Dans un article publié fin 2005 par la NYRB, Michael Massing identifie «les ennemis intérieurs» du journalisme .

Dans un article publié fin 2005 par la NYRB, Michael Massing identifie «les ennemis intérieurs» du journalisme .

- Autocensure: par formation professionnelle, par honnêteté et par tradition, les journalistes d'information ne prennent pas position personnellement sur une affaire qu'ils traitent et tentent de rapporter de façon équilibrée les opinions des uns et des autres. Ainsi, lors d'une interview, la question polémique est souvent attribué à un tiers absent («Untel trouve que...»). C'est un moyen pratique d'éviter d'avoir à formuler un avis personnel, de rester des observateurs sans responsabilité dans un monde d'acteurs. Ce faisant, ils bornent aussi leur lecture de l'événement: ils n'iront pas plusloin que le critique le plus affûté des critiques, même s'il dispose d'éléments d'interprétation plus percutants.


- Futilité: la presse se réveille un jour avec un sujet qui explose, un sujet qu'elle connaissait souvent et que le spécialiste a traité en son temps. Mais on a préféré dans l'immédiat mettre en couverture le mal de dos ou le salaire des cadres...

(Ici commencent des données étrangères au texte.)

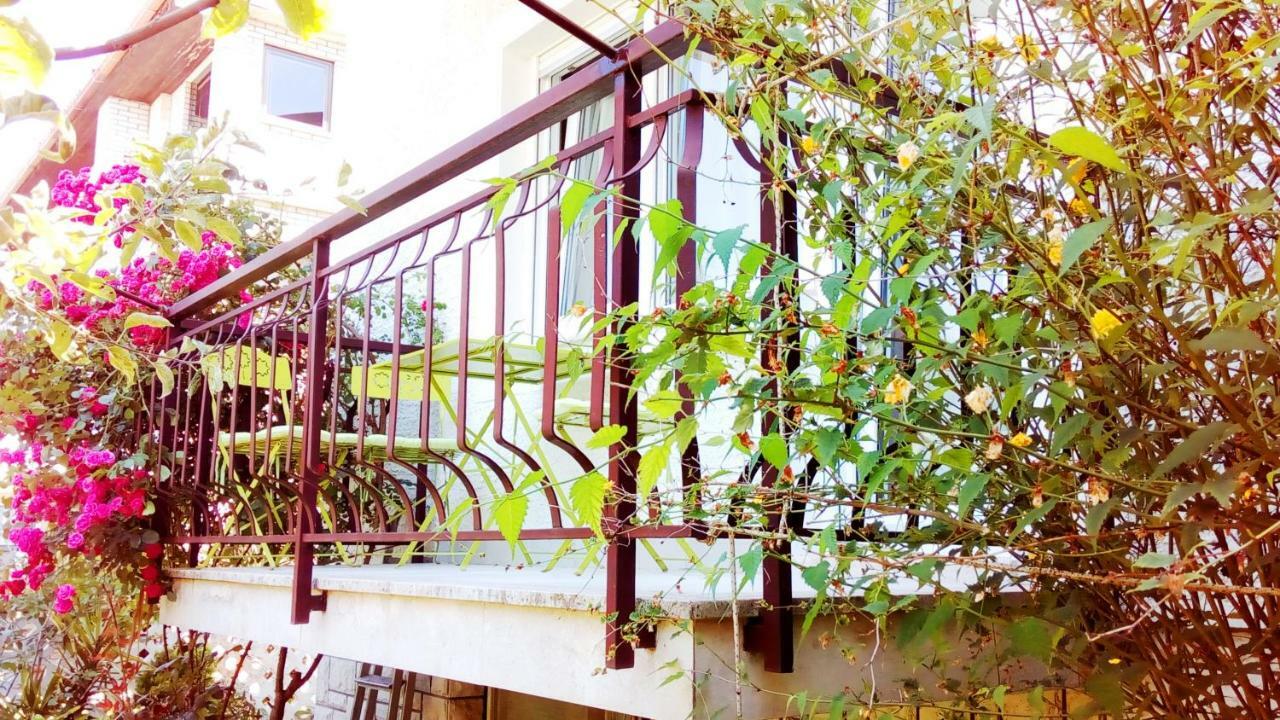 Apartmani Komunela Umago Exterior foto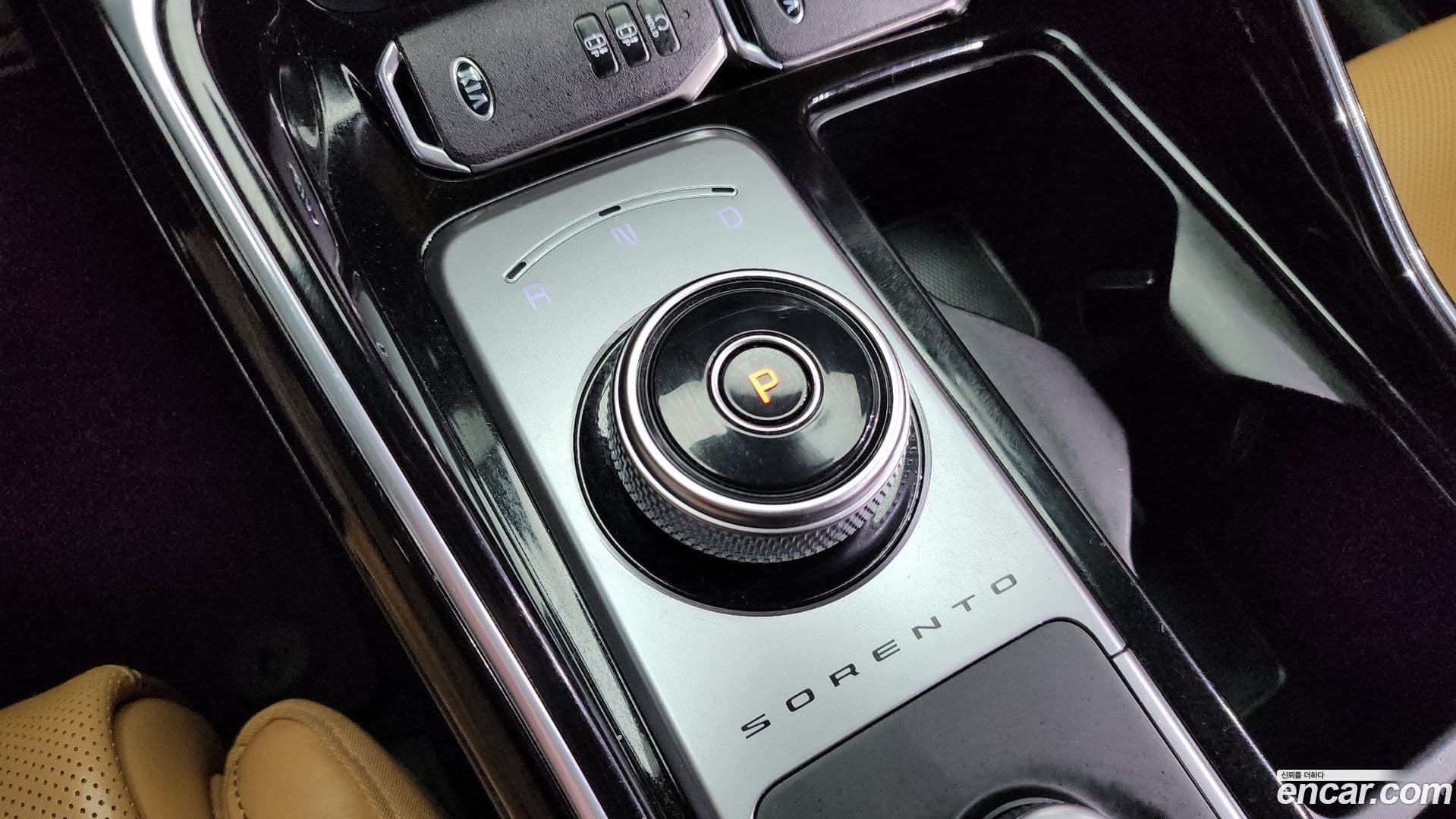 Main__Slider__Photo:Sorento Kia 2020.9-8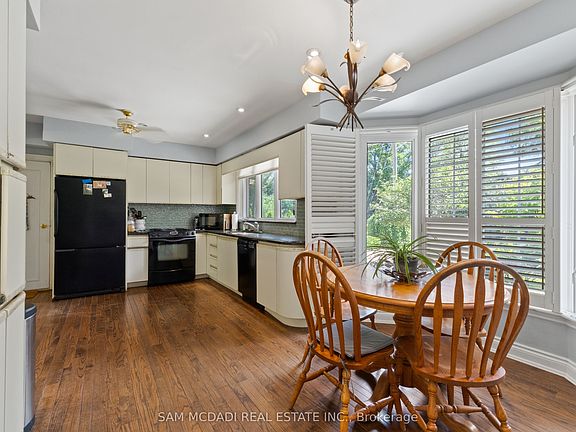 5th image of 461 Temagami Cres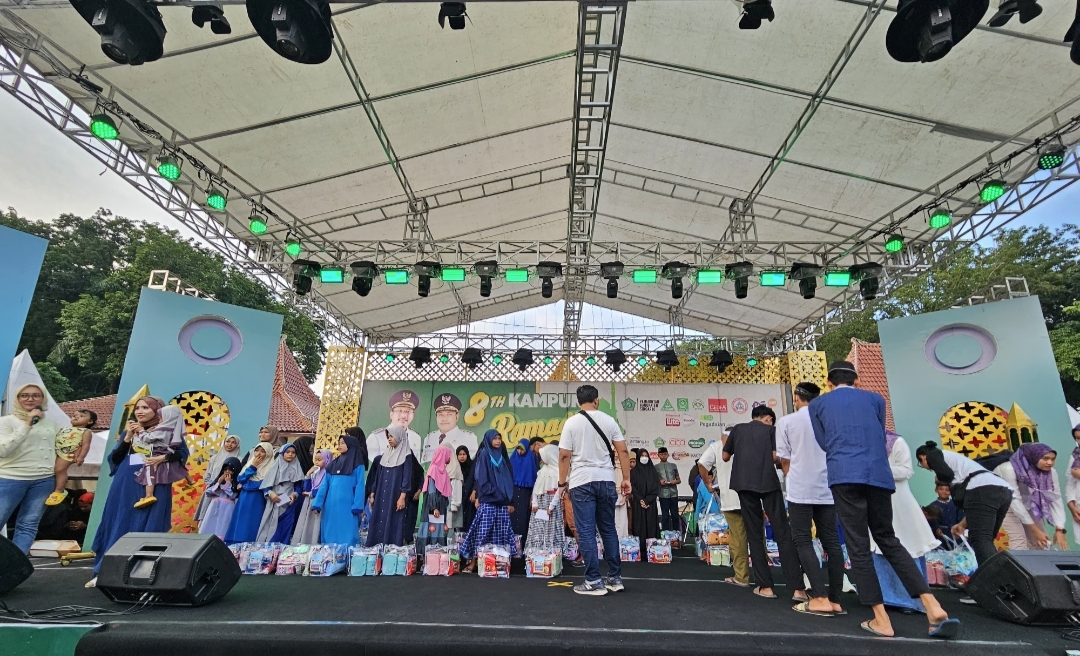 PT Pegadaian Area Surabaya 2 berikan Santunan Pada 100 Anak Yatim di Festival Ramadan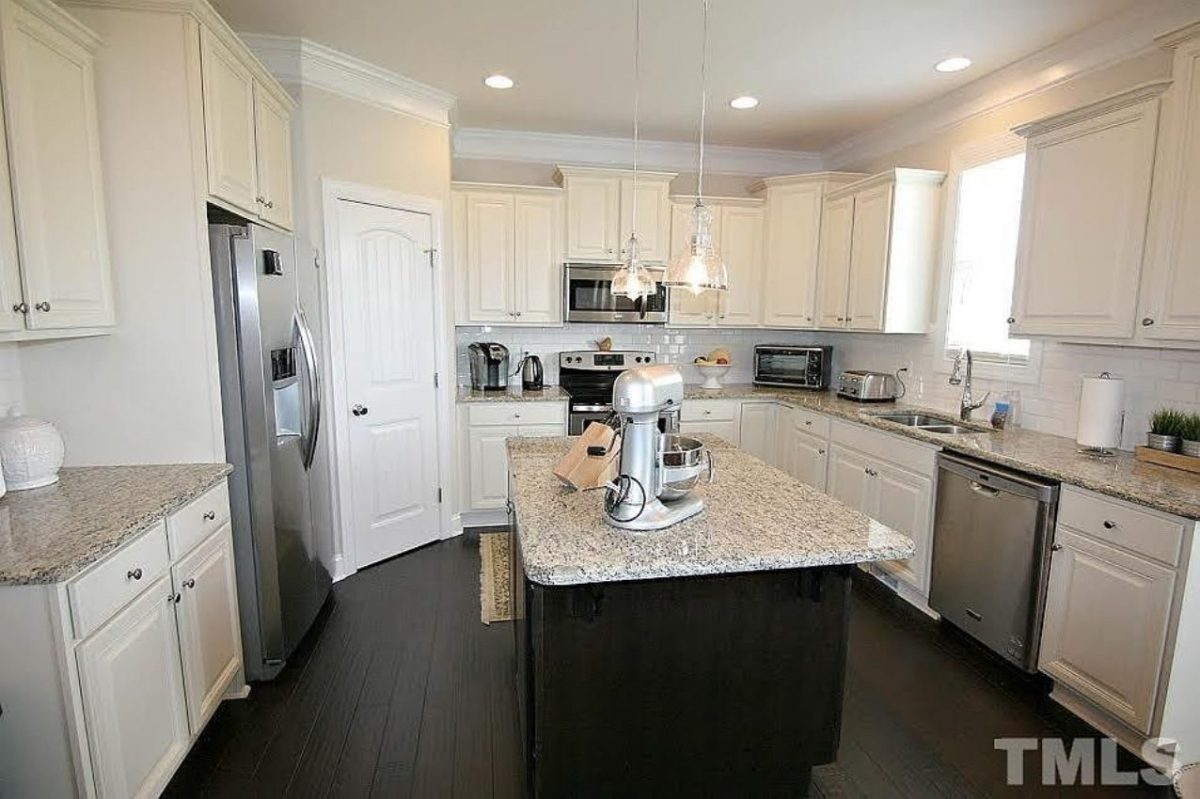 Craftsman house Plan with 4 Bedrooms, 3 Baths, and CAD Designs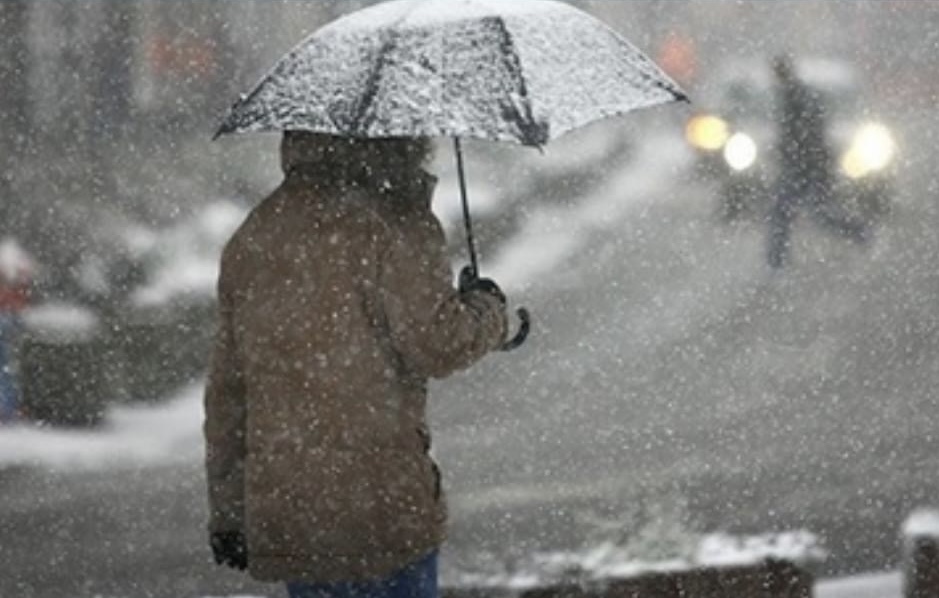 Сніг та хуртовина:  якою буде погода на Львівщині завтра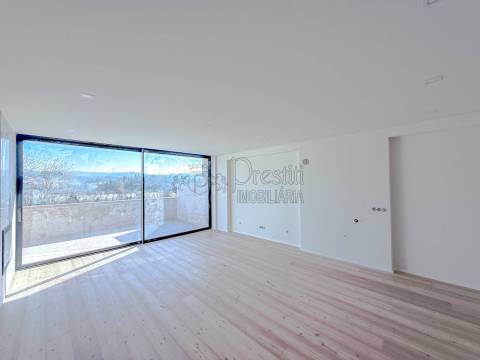 Apartamentos Novos T2 na Cobertura, Creixomil, Guimarães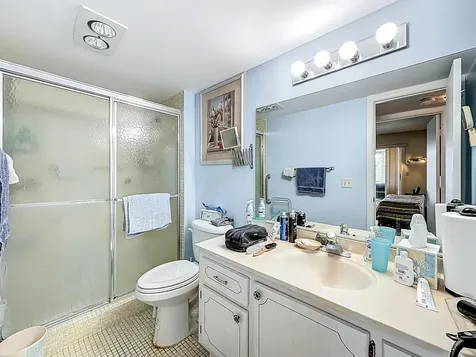 2114 Oakridge V Deerfield Beach FL 33442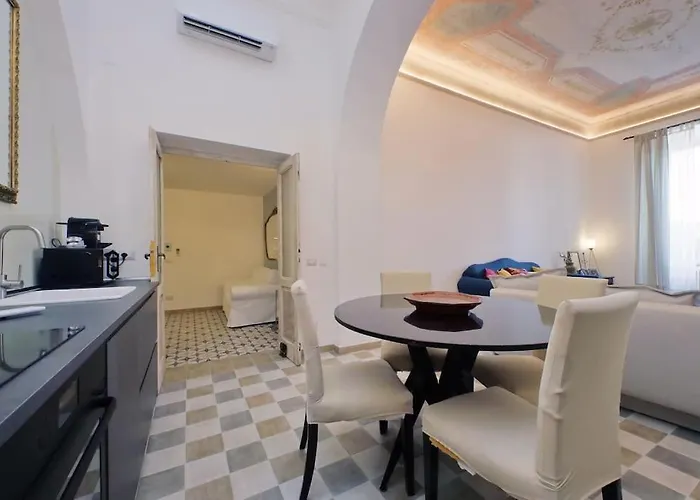 Bright Flat With Wonderful Views In The Centre
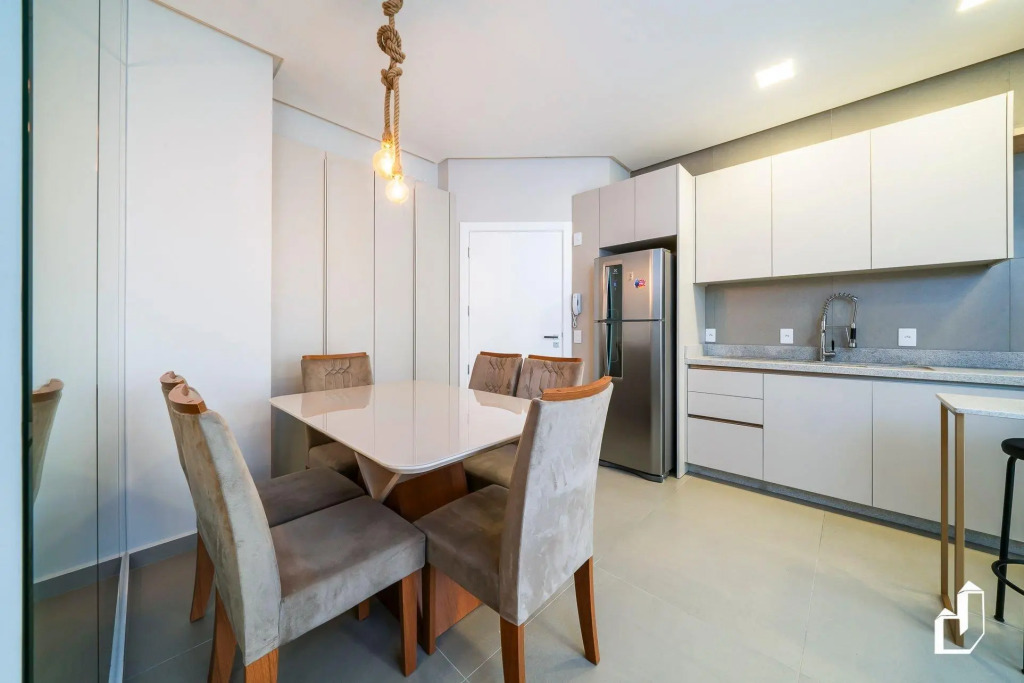 Apartamento Com 02 Dormitórios Em Canto Grande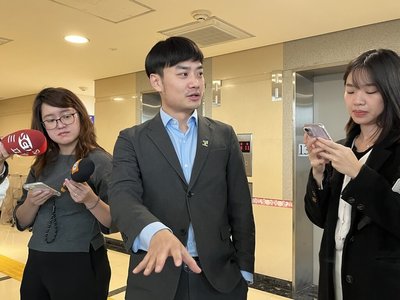 年貨大街擬設戶外吸菸室 北市:先與中央溝通法規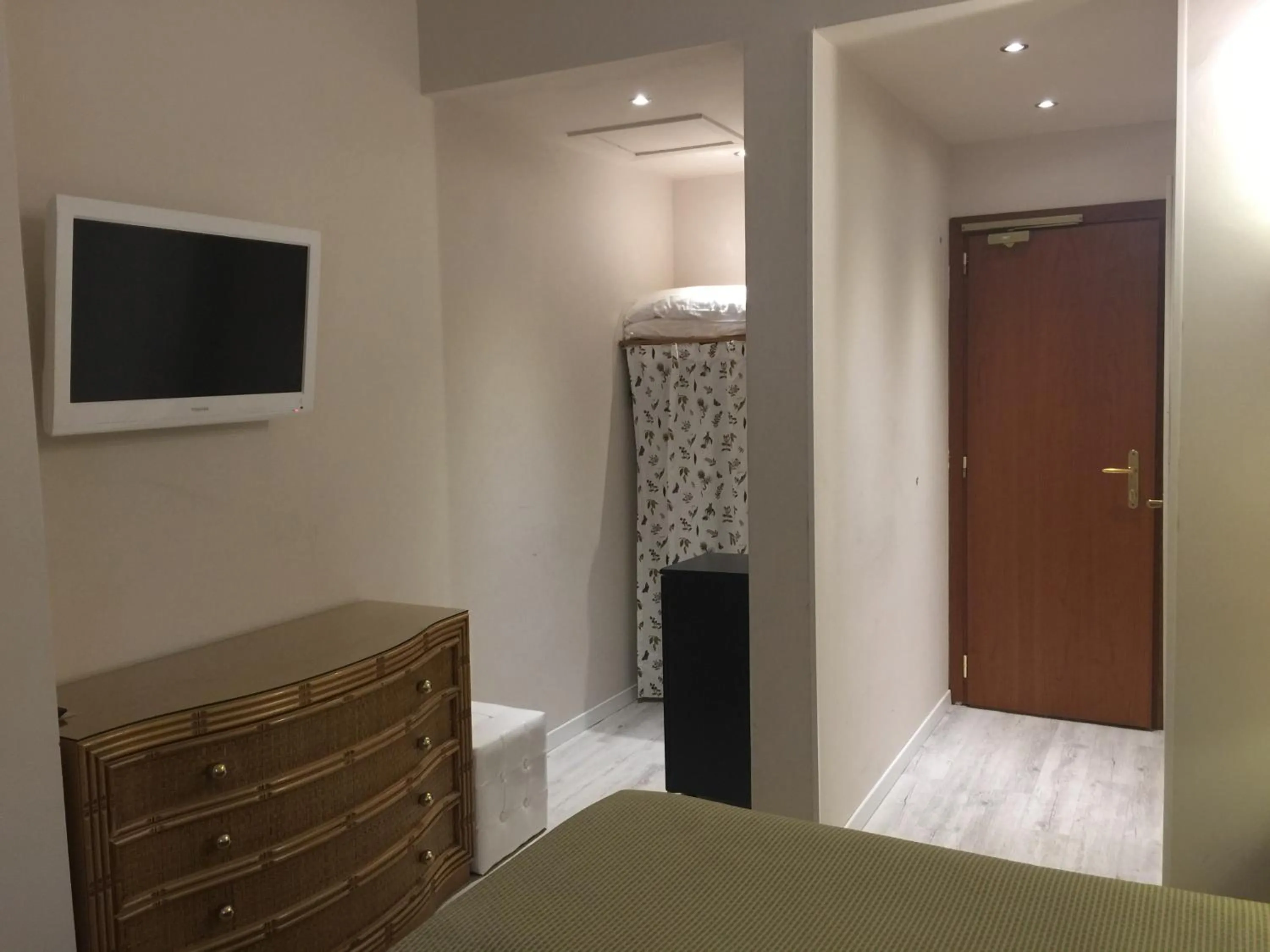 Bed in Hotel Corallo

- Utilitarisme: les journaux ont largement adopté la formule des «news you can use», de l'information immédiatement exploitable par un petit lectorat captif, en délaissant les sujets plus amples qui n'ont pas d'occasion auxquelles s'accrocher. C'est ainsi que les rubriques économiques préfèrent largement donner des conseils d'investissement et des nouvelles des placements financiers du lecteur supposé et délaisser des sujets jugé intemporels parce que d'actualité tous les jours comme la pauvreté ou les relations sociales.

 

- Pipolisation: la tentation est grande pour les journalistes de se rapprocher de ses sources plutôt que de ses lecteurs. Comme ses interlocuteurs (patrons, hommes politiques, intellectuels, artistes...), il a fait de longues études et il investit plus de temps qu'il n'est raisonnable dans son travail... Mais contrairement à eux, il n'est pas bien payé, il jouit d'une moindre reconnaissance sociale, il n'a pas de pouvoir, sauf à frayer dans les dîners en villes et les cercles du pouvoirs. D'où une tendance, parfois, à porter les arguments qu'il ne devrait que transmettre.

 

- Désengagement: depuis toujours, les efforts du journaliste laborieux, qui vérifie scrupuleusement, qui prend des risques sur le terrain, qui sacrifie ses convictions aux faits, sont souvent mal récompensés et peu reconnus auprès de lecteurs zappeurs qui privilégient le commentaire brillant, la chronique bien tournée, l'éditorial sans nuance. Mais depuis qu'Internet donne l'impression que l'information est disponible gratuitement et sans effort — sans que jamais l'on se demande qui alimente le bout de la chaîne —, la situation de l'anonyme, jamais crédité de son travail, est devenue intenable.